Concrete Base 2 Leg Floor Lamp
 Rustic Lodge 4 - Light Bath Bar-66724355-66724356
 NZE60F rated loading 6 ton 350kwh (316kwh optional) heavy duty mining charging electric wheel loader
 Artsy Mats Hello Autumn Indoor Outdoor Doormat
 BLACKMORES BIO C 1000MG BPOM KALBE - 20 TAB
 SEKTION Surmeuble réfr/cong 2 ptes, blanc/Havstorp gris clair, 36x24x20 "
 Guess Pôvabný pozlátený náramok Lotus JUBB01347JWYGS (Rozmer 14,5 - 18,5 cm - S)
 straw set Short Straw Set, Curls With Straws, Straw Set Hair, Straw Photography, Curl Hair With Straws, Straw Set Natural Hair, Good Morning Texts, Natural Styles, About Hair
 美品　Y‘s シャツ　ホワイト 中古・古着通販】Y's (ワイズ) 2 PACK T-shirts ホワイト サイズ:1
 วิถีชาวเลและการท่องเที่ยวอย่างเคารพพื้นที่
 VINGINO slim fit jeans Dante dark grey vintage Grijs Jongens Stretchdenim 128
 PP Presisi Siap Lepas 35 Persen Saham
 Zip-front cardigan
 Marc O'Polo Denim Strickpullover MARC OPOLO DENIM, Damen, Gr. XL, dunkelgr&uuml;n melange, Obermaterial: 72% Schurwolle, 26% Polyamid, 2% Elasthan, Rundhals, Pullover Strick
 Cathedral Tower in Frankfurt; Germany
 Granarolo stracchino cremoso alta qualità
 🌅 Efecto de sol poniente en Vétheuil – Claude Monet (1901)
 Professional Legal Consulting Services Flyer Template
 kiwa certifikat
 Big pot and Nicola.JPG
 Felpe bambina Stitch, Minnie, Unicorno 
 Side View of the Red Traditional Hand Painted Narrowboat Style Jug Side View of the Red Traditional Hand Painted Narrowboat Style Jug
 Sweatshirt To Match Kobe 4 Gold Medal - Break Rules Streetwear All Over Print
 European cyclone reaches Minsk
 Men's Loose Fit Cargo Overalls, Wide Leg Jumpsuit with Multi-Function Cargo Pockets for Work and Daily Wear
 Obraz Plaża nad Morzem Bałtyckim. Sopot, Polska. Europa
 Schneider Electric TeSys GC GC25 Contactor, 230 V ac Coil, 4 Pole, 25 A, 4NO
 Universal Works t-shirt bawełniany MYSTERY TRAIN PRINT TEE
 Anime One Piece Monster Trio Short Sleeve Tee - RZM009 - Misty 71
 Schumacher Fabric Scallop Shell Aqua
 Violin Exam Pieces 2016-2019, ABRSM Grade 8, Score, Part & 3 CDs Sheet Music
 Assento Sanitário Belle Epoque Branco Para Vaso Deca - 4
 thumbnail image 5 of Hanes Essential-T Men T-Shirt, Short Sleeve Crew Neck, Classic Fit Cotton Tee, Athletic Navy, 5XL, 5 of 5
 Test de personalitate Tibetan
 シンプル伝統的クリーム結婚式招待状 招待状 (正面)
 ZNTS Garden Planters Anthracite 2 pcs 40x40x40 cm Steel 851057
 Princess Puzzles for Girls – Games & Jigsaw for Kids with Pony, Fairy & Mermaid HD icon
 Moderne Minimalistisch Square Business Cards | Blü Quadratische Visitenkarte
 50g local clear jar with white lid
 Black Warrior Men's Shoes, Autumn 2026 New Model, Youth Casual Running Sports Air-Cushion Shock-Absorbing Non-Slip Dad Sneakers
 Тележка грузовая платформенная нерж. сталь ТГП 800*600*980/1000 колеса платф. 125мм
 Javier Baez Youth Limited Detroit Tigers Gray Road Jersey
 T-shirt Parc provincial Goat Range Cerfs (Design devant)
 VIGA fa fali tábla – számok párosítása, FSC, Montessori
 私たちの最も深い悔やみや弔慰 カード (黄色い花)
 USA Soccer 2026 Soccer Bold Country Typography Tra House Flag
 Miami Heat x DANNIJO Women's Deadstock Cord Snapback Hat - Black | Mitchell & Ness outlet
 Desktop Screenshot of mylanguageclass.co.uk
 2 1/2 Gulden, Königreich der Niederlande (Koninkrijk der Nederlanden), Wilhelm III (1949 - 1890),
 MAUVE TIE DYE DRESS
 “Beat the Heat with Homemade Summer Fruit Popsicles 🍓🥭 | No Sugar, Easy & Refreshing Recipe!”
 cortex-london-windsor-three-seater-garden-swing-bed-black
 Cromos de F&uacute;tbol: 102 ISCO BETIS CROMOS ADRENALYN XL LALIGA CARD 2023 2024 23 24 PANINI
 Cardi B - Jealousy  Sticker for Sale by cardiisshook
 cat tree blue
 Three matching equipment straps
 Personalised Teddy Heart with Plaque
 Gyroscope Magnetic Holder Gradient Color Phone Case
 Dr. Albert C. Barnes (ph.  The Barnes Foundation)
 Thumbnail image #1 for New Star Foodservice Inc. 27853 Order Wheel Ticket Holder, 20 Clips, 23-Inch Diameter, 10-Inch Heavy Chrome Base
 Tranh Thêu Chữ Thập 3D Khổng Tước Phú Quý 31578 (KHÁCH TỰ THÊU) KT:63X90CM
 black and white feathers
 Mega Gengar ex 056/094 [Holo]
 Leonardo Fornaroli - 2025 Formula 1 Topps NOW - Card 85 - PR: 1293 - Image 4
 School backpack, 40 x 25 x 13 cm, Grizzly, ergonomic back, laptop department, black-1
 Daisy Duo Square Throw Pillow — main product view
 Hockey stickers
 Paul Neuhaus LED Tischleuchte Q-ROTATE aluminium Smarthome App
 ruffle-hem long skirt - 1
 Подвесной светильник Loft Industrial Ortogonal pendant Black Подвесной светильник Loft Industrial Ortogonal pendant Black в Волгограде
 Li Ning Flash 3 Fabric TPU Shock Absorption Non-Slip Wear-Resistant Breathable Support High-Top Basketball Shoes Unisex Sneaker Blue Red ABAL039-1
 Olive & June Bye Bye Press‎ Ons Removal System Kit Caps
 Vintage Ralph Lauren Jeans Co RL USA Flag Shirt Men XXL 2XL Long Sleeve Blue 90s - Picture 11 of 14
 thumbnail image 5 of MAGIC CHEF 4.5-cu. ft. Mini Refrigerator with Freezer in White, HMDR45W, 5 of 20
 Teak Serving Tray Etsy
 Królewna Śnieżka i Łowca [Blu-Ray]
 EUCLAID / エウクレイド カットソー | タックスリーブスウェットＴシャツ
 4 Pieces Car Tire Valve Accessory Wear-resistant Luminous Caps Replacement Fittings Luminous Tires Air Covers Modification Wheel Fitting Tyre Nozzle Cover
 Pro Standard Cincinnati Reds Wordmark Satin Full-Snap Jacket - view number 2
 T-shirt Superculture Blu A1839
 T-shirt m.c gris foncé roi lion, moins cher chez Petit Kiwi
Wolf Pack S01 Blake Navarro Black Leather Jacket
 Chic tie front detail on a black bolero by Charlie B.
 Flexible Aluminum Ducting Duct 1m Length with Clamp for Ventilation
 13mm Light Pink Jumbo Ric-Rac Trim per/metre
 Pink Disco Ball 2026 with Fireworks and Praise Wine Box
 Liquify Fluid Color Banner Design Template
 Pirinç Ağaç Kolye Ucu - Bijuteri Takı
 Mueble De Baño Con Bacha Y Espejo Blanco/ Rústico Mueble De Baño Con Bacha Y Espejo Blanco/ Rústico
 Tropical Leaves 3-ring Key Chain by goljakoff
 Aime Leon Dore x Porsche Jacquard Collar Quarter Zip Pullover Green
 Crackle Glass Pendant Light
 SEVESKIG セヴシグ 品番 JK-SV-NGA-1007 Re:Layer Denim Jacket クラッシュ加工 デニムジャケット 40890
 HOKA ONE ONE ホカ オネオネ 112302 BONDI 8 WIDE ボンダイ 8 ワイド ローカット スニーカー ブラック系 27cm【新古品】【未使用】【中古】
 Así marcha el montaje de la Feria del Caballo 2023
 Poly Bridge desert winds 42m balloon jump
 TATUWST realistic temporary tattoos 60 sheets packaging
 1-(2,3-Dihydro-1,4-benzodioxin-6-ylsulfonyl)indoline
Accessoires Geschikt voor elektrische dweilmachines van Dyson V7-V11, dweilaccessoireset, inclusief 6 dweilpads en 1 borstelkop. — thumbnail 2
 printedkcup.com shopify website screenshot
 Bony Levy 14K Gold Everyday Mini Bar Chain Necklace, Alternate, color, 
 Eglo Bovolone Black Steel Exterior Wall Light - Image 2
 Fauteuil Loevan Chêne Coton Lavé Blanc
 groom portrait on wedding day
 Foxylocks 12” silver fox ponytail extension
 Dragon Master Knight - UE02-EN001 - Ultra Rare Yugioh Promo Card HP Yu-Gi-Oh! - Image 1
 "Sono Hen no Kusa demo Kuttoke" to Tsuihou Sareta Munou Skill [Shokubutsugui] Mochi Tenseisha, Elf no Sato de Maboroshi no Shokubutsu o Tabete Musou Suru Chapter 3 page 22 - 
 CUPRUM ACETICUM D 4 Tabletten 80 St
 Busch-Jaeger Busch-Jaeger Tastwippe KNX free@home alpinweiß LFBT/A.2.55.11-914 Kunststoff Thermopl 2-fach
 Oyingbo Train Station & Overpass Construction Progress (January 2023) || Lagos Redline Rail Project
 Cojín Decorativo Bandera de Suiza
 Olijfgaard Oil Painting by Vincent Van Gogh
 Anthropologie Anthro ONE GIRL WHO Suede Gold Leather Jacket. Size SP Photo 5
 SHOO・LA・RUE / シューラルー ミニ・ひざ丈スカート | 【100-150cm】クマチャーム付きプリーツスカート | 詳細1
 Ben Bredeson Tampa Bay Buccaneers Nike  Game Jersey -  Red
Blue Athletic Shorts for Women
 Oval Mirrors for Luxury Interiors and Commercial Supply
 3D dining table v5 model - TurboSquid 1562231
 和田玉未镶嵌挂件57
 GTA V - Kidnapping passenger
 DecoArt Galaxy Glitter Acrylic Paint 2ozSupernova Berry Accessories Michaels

| TASK ITEM |
Beginning at the line with "Tropical Leaves 3-ring" and ending at the line with "Olijfgaard Oil Painting by Vincent Van Gogh", reproduce each line of the data above exactly, and add no other lines.

| WRITTEN RESPONSE |
 Tropical Leaves 3-ring Key Chain by goljakoff
 Aime Leon Dore x Porsche Jacquard Collar Quarter Zip Pullover Green
 Crackle Glass Pendant Light
 SEVESKIG セヴシグ 品番 JK-SV-NGA-1007 Re:Layer Denim Jacket クラッシュ加工 デニムジャケット 40890
 HOKA ONE ONE ホカ オネオネ 112302 BONDI 8 WIDE ボンダイ 8 ワイド ローカット スニーカー ブラック系 27cm【新古品】【未使用】【中古】
 Así marcha el montaje de la Feria del Caballo 2023
 Poly Bridge desert winds 42m balloon jump
 TATUWST realistic temporary tattoos 60 sheets packaging
 1-(2,3-Dihydro-1,4-benzodioxin-6-ylsulfonyl)indoline
Accessoires Geschikt voor elektrische dweilmachines van Dyson V7-V11, dweilaccessoireset, inclusief 6 dweilpads en 1 borstelkop. — thumbnail 2
 printedkcup.com shopify website screenshot
 Bony Levy 14K Gold Everyday Mini Bar Chain Necklace, Alternate, color, 
 Eglo Bovolone Black Steel Exterior Wall Light - Image 2
 Fauteuil Loevan Chêne Coton Lavé Blanc
 groom portrait on wedding day
 Foxylocks 12” silver fox ponytail extension
 Dragon Master Knight - UE02-EN001 - Ultra Rare Yugioh Promo Card HP Yu-Gi-Oh! - Image 1
 "Sono Hen no Kusa demo Kuttoke" to Tsuihou Sareta Munou Skill [Shokubutsugui] Mochi Tenseisha, Elf no Sato de Maboroshi no Shokubutsu o Tabete Musou Suru Chapter 3 page 22 - 
 CUPRUM ACETICUM D 4 Tabletten 80 St
 Busch-Jaeger Busch-Jaeger Tastwippe KNX free@home alpinweiß LFBT/A.2.55.11-914 Kunststoff Thermopl 2-fach
 Oyingbo Train Station & Overpass Construction Progress (January 2023) || Lagos Redline Rail Project
 Cojín Decorativo Bandera de Suiza
 Olijfgaard Oil Painting by Vincent Van Gogh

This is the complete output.